▶ Try it
Nothing outside the range is to be copied. From the entries below, reproduce exactly the lines starting at the one with "Vintage Teal Button" and ending at the one with "COMMENT THE CAMPERVAN", without pictures.

▶ Dataset extract
- - - -
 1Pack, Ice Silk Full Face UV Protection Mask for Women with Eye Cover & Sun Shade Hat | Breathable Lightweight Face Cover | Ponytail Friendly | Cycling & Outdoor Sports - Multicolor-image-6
- - - -
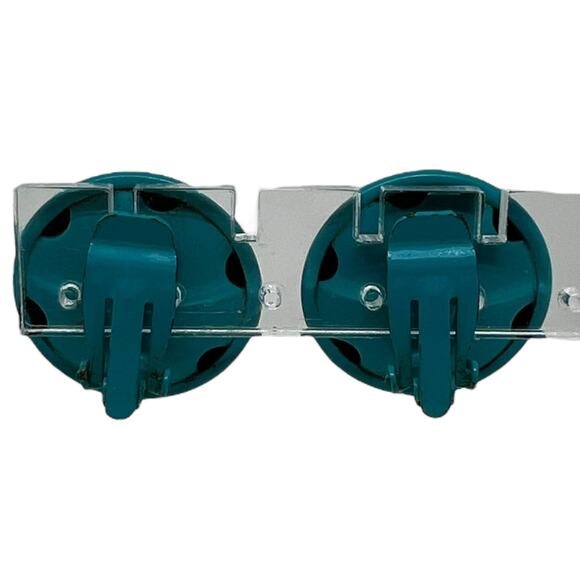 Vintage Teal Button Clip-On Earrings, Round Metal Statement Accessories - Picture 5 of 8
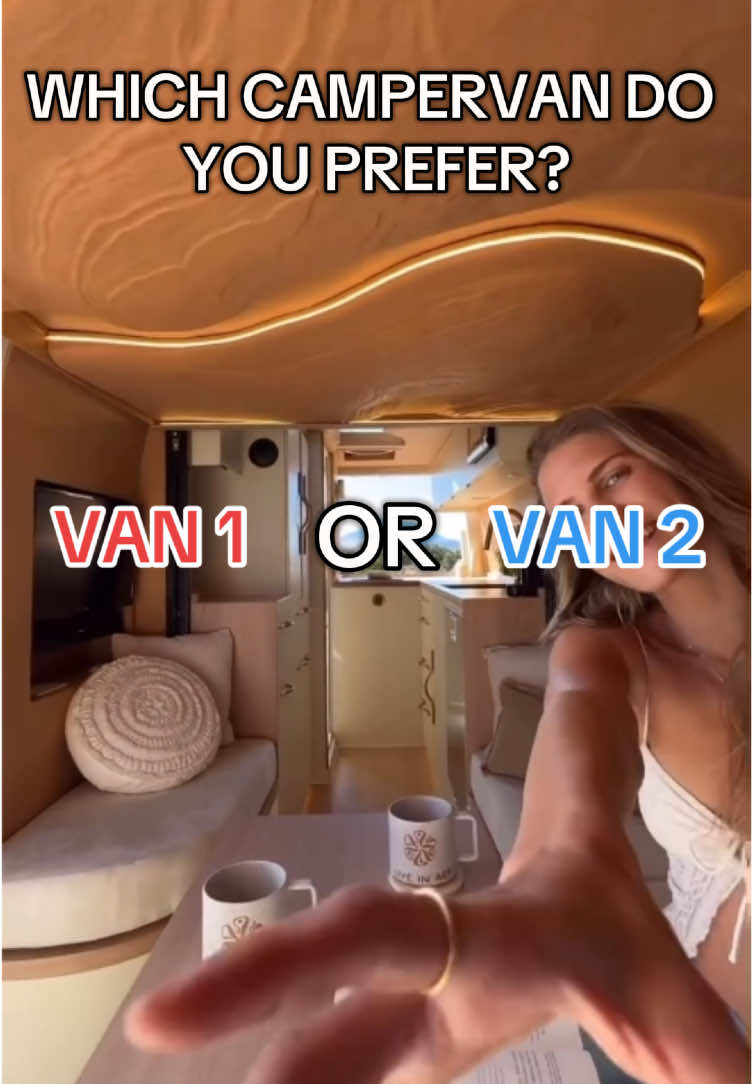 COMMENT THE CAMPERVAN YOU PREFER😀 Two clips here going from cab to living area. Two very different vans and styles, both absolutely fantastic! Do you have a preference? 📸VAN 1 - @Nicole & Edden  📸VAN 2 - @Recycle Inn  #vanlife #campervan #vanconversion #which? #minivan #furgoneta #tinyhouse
- - - -
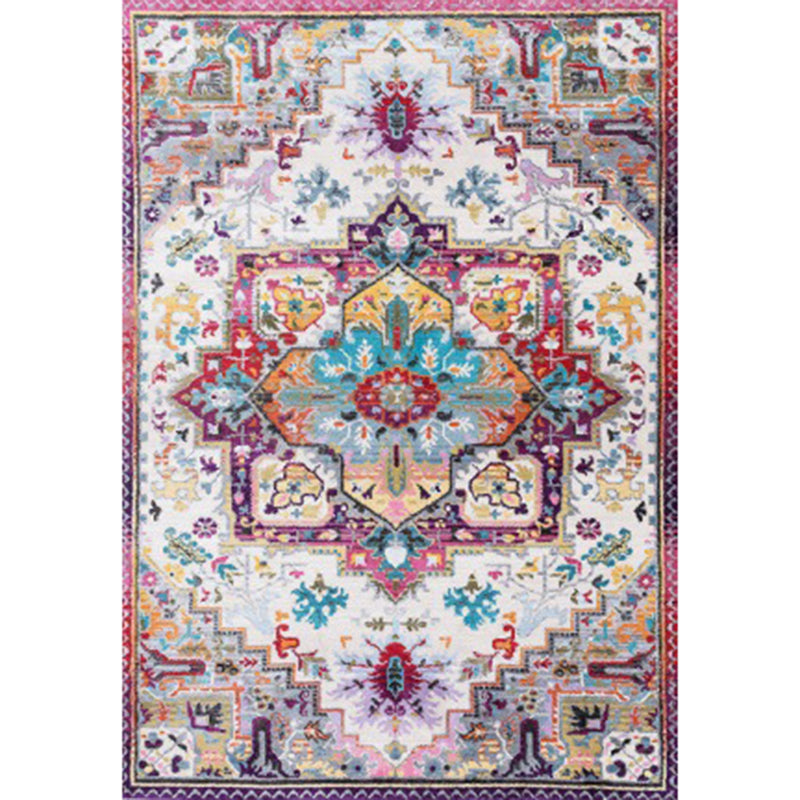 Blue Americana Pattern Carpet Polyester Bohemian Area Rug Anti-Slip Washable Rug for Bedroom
- - - -
▶ Answer space
 Vintage Teal Button Clip-On Earrings, Round Metal Statement Accessories - Picture 5 of 8
 COMMENT THE CAMPERVAN YOU PREFER😀 Two clips here going from cab to living area. Two very different vans and styles, both absolutely fantastic! Do you have a preference? 📸VAN 1 - @Nicole & Edden  📸VAN 2 - @Recycle Inn  #vanlife #campervan #vanconversion #which? #minivan #furgoneta #tinyhouse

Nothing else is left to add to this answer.